HR diagram with Main Sequence fits for open clusters of different ages based on the Main Sequence Turn-off point in each.
Figure 7.10: HR diagram with Main Sequence fits for open clusters of different ages

If you compare the HR diagrams for stages 1-3, these are very similar to the HR diagrams for open clusters. The HR diagram for stage 6 appears to be very similar to that of a globular cluster. Thus, we can conclude that open clusters are young (usually a few tens of millions or hundreds of millions of years old), while globular clusters are very old (typically about 12-13 billion years old). In the image above, you can see a schematic HR diagram with plots of lines that represent the Main Sequence for a number of open clusters.

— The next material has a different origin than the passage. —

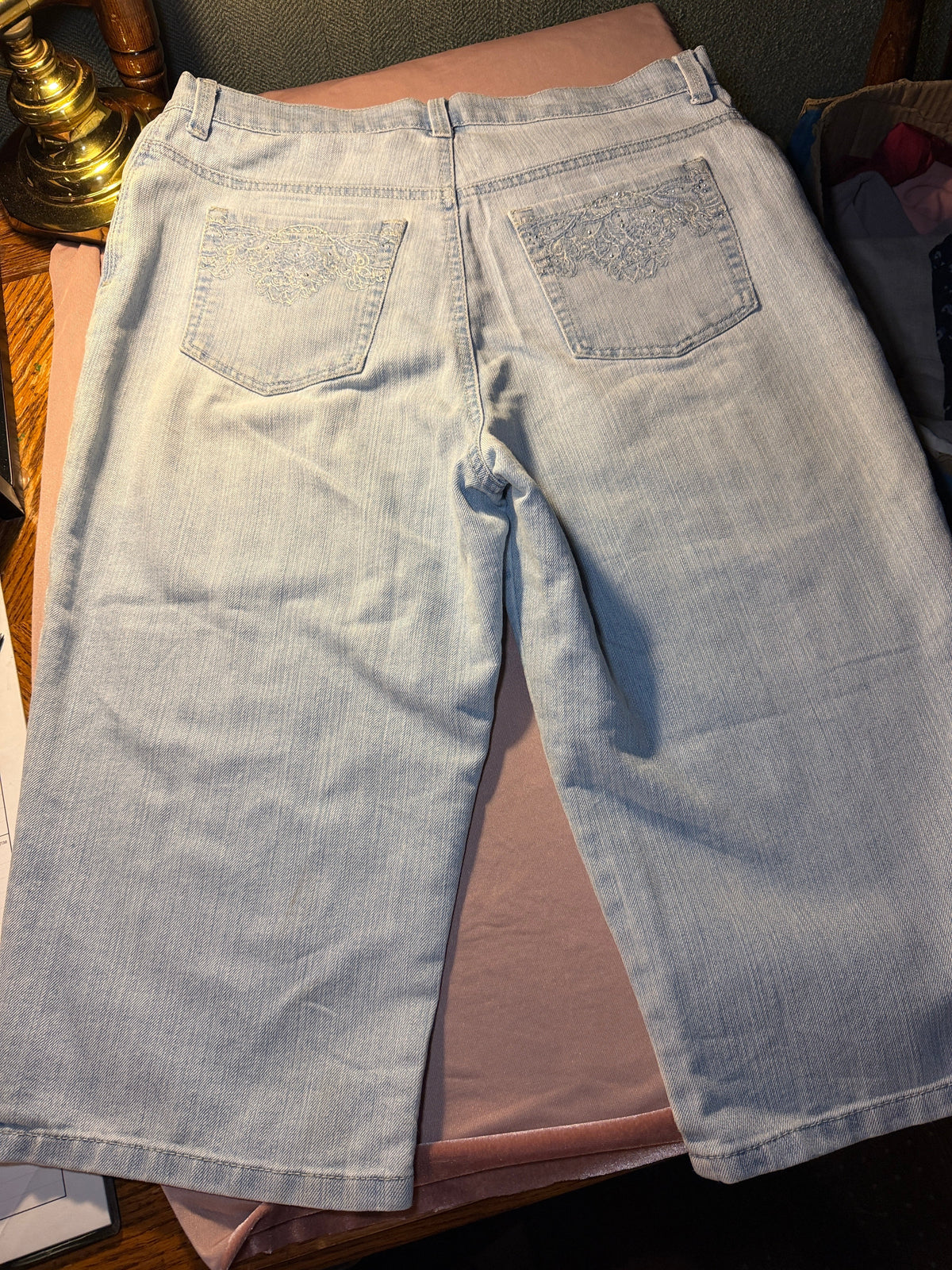 Gloria Vanderbilt Light Wash Capri Jeans – Size 10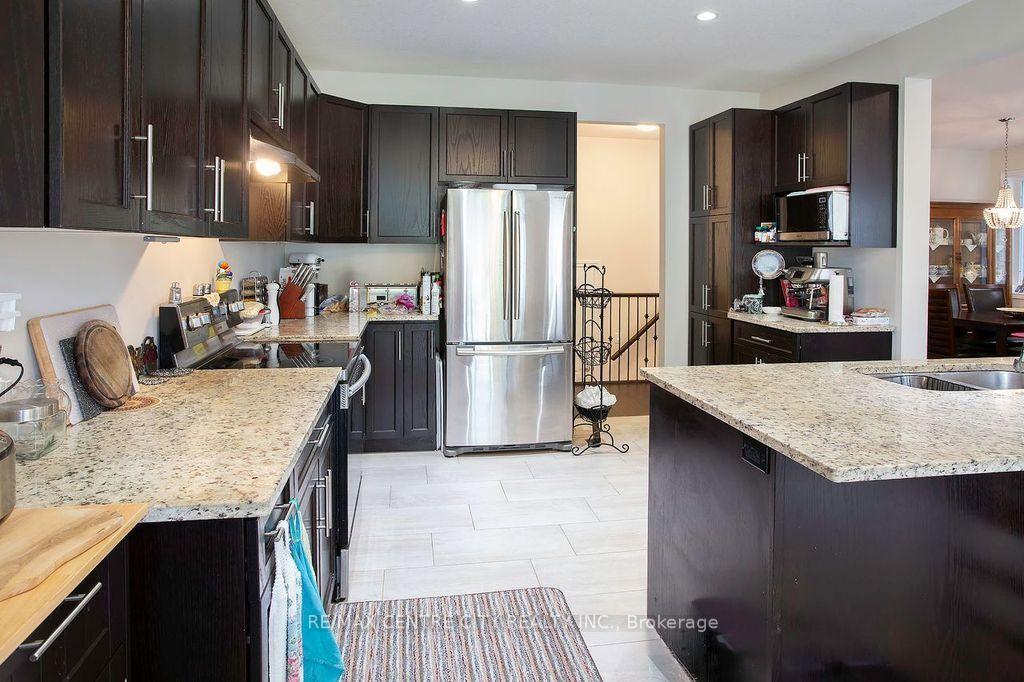 Photo 13 of 1586 Noah Bend, London, North I — HOMEH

From the location of the Main Sequence Turn-Off, you can see that NGC 2362 is the youngest, then h & χ Persei, and M67 is the oldest of the clusters.

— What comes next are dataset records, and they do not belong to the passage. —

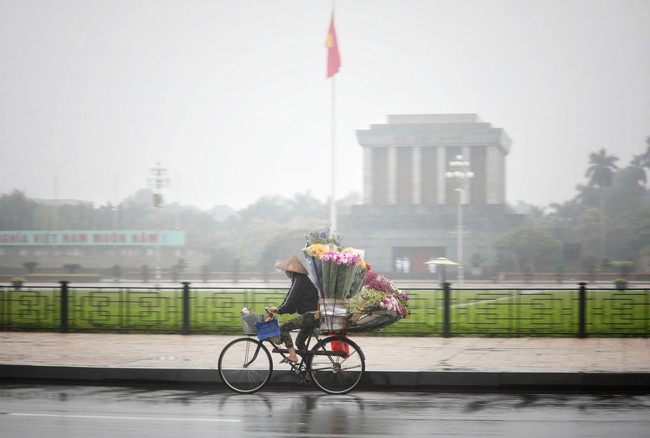 Đông Bắc Bộ và Thủ đô Hà Nội có mưa, sương mù vào sáng sớm - Ảnh 1.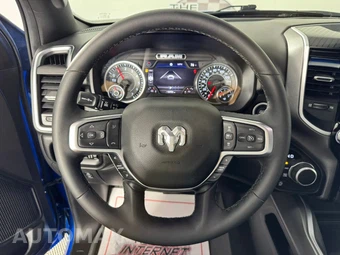 2025 Ram 1500 Big Horn Crew Cab Short Bed - miniatura 13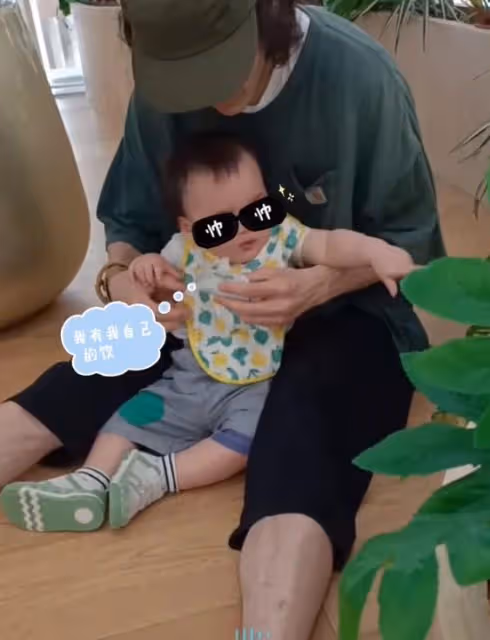 向佐喊郭碧婷大小姐卻自稱保姆,罕曬兒子正臉,向笙眼睛又大又亮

This realization explains several of the other observations that we made of the differences between these two types of clusters. Since open clusters are young, they have not had a chance to move very far from the location where they were born. Thus, there is likely to be leftover material from the molecular clouds in which they formed nearby (which creates the reflection nebulae seen in the Pleiades). The intense radiation from the bright O & B stars in the open clusters can ionize the nearby gas, creating emission nebulae nearby, as well. The light from an open cluster is dominated by the brightest stars in the cluster, which are O & B Main Sequence stars, since no red giants have formed yet. Thus, open clusters should be quite blue.

Since globular clusters are old, they are not found near the regions in which they formed. There is no gas in their vicinity. Even if there was, the stars in globular clusters do not emit much ultraviolet light capable of creating emission nebulae. Thus, we do not expect to find emission nebulae surrounding globular clusters. There are no blue Main Sequence stars left, so the light from a globular cluster should be dominated by the brightest red giants, leading to their very red appearance.

Lastly, we can also explain the difference in chemical composition between open cluster stars and globular cluster stars. Originally, all of the gas in the universe contained few elements heavier than helium. However, as we learned in our study of stellar evolution, heavier elements are created in massive stars and dispersed when they go supernova. Therefore, as time goes on, later generations of stars should contain higher and higher concentrations of heavy elements. Since globular clusters are 12 billion years old, their atmospheres reflect the makeup of the primordial gas from which they formed. Since open clusters have formed relatively recently, they have 10-100 times more heavy elements in their atmospheres.

One question that we have not yet answered is why the Sun is so apparently isolated. If all stars form out of molecular clouds that form many stars at once, why are there not several hundred stars nearby? The reason has something to do with the density differences between star clusters. Remember, open clusters look “fluffy. " That is, they are not very concentrated. Globular clusters, on the other hand, are very densely packed with stars. In open clusters, the gravitational pull of all the stars taken together is not strong enough to keep the stars bound to the cluster. Over time, the individual stars in open clusters drift away, and the cluster dissolves. The gravitational pull by the cluster on the stars in a globular cluster is much stronger, so these clusters are able to retain most of their stars for billions of years. It is likely that the Sun did form as part of an open cluster, but since the Sun is now about 5 billion years old, it has long ago drifted away from the stars that formed out of the same cloud.